Will changes to HARP really help?

As the government aims to fix the current housing market, new changes to the Home Affordable Refinance Program announced late last month will do little to help the situation. This week details were announced on the program, shedding new light on who qualifies.

At the start of the program in 2009, the goal was to reach 5 million borrowers and to date just under 895,000 homeowners have been helped. Neil Barofsky, former special inspector general for the U.S. Treasury’s Troubled Asset Relief Program, discusses the changes to HARP and breaks down the anticipated affects in an interview with Bloomberg.

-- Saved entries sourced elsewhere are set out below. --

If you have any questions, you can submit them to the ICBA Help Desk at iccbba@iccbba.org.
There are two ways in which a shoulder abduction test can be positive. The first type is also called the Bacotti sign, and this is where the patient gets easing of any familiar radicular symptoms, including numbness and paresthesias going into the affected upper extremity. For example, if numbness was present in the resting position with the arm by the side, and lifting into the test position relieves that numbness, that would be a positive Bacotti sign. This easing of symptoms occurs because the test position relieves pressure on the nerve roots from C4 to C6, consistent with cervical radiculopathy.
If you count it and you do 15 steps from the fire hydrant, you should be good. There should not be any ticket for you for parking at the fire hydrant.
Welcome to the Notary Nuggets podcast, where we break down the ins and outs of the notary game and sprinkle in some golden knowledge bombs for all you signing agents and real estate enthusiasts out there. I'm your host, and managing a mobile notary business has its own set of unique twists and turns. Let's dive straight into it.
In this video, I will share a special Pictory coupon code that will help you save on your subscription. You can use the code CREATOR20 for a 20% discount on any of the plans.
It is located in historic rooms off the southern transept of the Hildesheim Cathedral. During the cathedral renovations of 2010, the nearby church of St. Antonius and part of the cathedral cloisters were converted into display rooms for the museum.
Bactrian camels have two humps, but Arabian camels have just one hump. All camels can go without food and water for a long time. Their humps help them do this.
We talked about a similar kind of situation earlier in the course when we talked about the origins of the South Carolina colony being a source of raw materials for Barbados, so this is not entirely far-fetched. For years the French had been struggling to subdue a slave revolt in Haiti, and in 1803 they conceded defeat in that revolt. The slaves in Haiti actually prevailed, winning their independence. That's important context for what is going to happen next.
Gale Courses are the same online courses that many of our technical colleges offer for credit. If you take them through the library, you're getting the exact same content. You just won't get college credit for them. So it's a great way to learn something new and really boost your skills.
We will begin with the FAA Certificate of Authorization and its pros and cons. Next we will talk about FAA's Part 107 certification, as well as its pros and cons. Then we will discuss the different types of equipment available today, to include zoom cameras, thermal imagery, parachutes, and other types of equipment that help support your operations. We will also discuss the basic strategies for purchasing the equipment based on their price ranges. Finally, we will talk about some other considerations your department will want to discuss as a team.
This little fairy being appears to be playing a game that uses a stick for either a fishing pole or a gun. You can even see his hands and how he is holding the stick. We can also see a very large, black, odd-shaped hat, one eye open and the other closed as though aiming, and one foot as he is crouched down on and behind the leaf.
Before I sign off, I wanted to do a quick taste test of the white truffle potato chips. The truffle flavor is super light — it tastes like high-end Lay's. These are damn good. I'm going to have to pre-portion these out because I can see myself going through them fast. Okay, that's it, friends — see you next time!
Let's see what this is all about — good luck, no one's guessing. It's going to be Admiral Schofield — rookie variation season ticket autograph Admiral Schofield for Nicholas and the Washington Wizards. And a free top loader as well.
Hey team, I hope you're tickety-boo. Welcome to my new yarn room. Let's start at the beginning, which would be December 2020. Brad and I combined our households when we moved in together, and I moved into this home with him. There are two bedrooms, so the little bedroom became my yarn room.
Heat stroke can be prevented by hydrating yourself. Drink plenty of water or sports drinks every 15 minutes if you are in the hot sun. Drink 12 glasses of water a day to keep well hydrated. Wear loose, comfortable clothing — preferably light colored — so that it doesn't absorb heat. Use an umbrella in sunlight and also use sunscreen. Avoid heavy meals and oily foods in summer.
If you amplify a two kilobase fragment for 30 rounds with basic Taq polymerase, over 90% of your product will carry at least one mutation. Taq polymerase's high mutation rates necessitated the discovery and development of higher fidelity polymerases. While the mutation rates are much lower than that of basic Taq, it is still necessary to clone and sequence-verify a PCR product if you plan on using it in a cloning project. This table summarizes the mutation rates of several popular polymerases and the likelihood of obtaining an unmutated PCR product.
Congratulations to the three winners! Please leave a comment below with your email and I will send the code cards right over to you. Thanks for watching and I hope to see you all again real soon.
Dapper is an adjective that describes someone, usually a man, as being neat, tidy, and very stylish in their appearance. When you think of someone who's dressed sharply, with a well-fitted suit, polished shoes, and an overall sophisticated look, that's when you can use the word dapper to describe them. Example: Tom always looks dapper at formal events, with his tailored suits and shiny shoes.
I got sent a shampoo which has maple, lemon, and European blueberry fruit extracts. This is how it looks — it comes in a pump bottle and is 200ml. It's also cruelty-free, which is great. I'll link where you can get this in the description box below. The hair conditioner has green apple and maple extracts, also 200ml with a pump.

The cap on loan-to-value ratio, once set at 125% for 30-year mortgages and 105% for 15-year mortgages, has been removed. This is one welcomed change for “HARP 2.0” as that cap had been a major roadblock for millions of underwater homeowners in troubled markets.

Qualifications include:

  • Your existing loan must have been sold to Fannie Mae or Freddie Mac on or before May 31, 2009.
  • Your loan balance must be more than 80 percent of your home’s market value.
  • You can have no late payments on your existing mortgage in the past six months and no more than one late payment in the past 12 months.
  • You are ineligible if you previously refinanced through HARP.
Most of these changes are scheduled to take effect Dec. 1, with the fee change coming as of Jan. 3. However, these changes require changes to Fannie Mae’s infrastructure so the impact of the changes may not be felt until March in some cases.